We can see that Put has a very light contract that protects against some errors, such as calling it on a file that has not been opened for writing, but not against the other many possible errors related to writing, such as a full disk or file permissions. If such an error occurs, Put raises an exception, but SPARK does not allow catching exceptions. So in the above form, even a proved SPARK program that uses Put may terminate with an unhandled exception.

Moreover, Put does not specify what exactly is written. For example, one cannot prove in SPARK that two calls to Put with the same File argument write the concatenation of the two Item arguments to the file.

This second problem can probably be solved using a stronger contract (though it would be difficult to do so in Ada.Text_IO, whose interface must respect the Ada standard), but together with the first point it means that, even if our program is annotated with a suitable contract and proved, we can only say something informal like “if the program doesn’t crash because of unexpected errors, it respects its contract”.

In this blogpost, we propose to solve these issues as follows. We replace Put by a procedure Write which reports errors via its output Has_Written:

procedure Write
(Fd          : int;
Buf         : Init_String;
Num_Bytes   : Size_T;
Has_Written : out ssize_t);

We now can annotate Write with a suitable postcondition that explains exactly what has been written to the file descriptor, and that a negative value of Has_Written signals an error.

It is no accident that the new procedure looks like the POSIX system call write. In fact we decided to base this experiment on the POSIX API that consists of open, close, read and write, and simply added very thin SPARK wrappers around those system calls. The advantage of this approach is that system calls never crash (unless there are bugs in the kernel, of course) - they simply flag errors via their return value, or in our case, the out parameter Has_Written. This means that, assuming our program contains a Boolean variable Error that is updated accordingly after invoking the system calls, we can now formally write down the contract of our program in the form:

if not Error then ...

And if one thinks about it, this is really the best any program dealing with I/O can hope for, because some errors cannot be predicted or avoided by the programmer, such as trying to write to a full disk or trying to open a file that does not exist.

We could further refine the above condition to distinguish the behavior of the program depending on the error that was encountered, but we did not do this in the work described here.

The other advantage of using a POSIX-like API is that porting existing programs from C to this API would be simpler.

We validated this approach by writing a SPARK clone of the “cat” utility. We were able to prove that cat copies the content of the files in its argument to stdout, unless errors were encountered. The project is available following this link.

# How to represent the file system?

The main interest of the library is to be able to write properties about content, which means that we have to represent this content through something (global variables, state abstraction…). We decided to use maps, that link a file descriptor to an unbounded string representing the content of the corresponding file. Formal_Hashed_Maps were convenient to use because they come with many functions that compare two different maps (e.g Keys_Included_Except, or Elements_Equal_Except).

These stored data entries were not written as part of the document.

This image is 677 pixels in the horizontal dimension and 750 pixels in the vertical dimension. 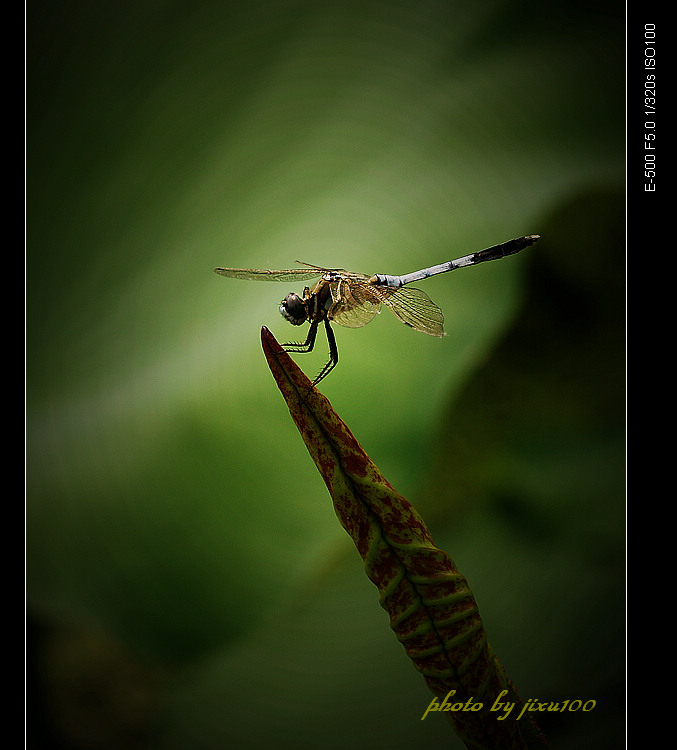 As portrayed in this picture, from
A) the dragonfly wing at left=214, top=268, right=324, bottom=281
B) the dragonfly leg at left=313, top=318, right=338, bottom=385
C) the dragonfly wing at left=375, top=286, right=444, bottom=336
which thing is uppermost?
the dragonfly wing at left=214, top=268, right=324, bottom=281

In Ada, even Unbounded_String (from Ada.Strings.Unbounded) are somehow bounded: the maximum length of Unbounded_String is Natural’Last, a length that could be exceeded by certain files. We had to create another library, that relies on Ada.Strings.Unbounded, but would accept appending two unbounded strings whose lengths are maximal. The choice we made was to drop any character that would make the length overflow, e.g. the append function has the following contract:

function "&" (L, R : My_Unbounded_String) return My_Unbounded_String with
Global         => null,
Contract_Cases =>
(Length (L) = Natural'Last               =>
To_String ("&"'Result) = To_String (L),
--  When L already has maximal length

Length (L) < Natural'Last
and then
Length (R) <= Natural'Last - Length (L) =>
To_String ("&"'Result) = To_String (L) & To_String (R),
--  When R can be appended entirely

others                                  =>
To_String ("&"'Result)
= To_String (L) & To_String (R) (1 .. Natural'Last - Length (L)));
--  When R cannot be appended entirely

Also, what you can see here is that all properties of unbounded strings are expressed with the conversion to String type: this allows to use the existing axiomatization of strings (through arrays) instead of redefining one.

Another design choice was made here: what’s the content of a file we opened in read mode? In stdio.ads, we considered that the content of this file is strictly what we read from it. Because there is no way to know the content of the file, we decided to implement cat as a procedure that would “write whatever it reads”. Any given file could be modified while reading, or, for the case of stdin, parent process may also read part of the data.

# The I/O library

As said before, the library consists of thin bindings to system calls. Interfacing scalar types (int, size_t, ssize_t) was easy. We also wanted to model more precisely instantiation of buffers. Indeed, when calling Read procedure, the buffer might not be initialized entirely after the call; it is also possible to call Write on a partially initialized String, to copy the first n values that are initialized. The current version of SPARK requires that arrays (and thus Strings) are fully initialized. More details are available in the SPARK User's Guide. A new proposed evolution of the language (see here) is already prototyped in SPARK and allows manipulating safely partially initialized data. In the prototype, we declare a new type, Init_Char, that will have the Init_By_Proof annotation.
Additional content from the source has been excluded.